Quote the line containing "Elements Truffles Orange" and all lines that follow it in the listing below, exactly as written.

Source material:
# # # # # # #

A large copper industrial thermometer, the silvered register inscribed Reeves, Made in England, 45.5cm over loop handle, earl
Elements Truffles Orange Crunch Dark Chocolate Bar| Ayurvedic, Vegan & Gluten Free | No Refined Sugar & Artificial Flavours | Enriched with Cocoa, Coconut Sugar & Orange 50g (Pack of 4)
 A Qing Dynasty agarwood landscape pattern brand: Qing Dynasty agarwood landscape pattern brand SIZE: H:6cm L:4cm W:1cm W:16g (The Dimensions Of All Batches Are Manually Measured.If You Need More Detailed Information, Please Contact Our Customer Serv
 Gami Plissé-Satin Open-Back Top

# # # # # # #

Result of the task:
Elements Truffles Orange Crunch Dark Chocolate Bar| Ayurvedic, Vegan & Gluten Free | No Refined Sugar & Artificial Flavours | Enriched with Cocoa, Coconut Sugar & Orange 50g (Pack of 4)
 A Qing Dynasty agarwood landscape pattern brand: Qing Dynasty agarwood landscape pattern brand SIZE: H:6cm L:4cm W:1cm W:16g (The Dimensions Of All Batches Are Manually Measured.If You Need More Detailed Information, Please Contact Our Customer Serv
 Gami Plissé-Satin Open-Back Top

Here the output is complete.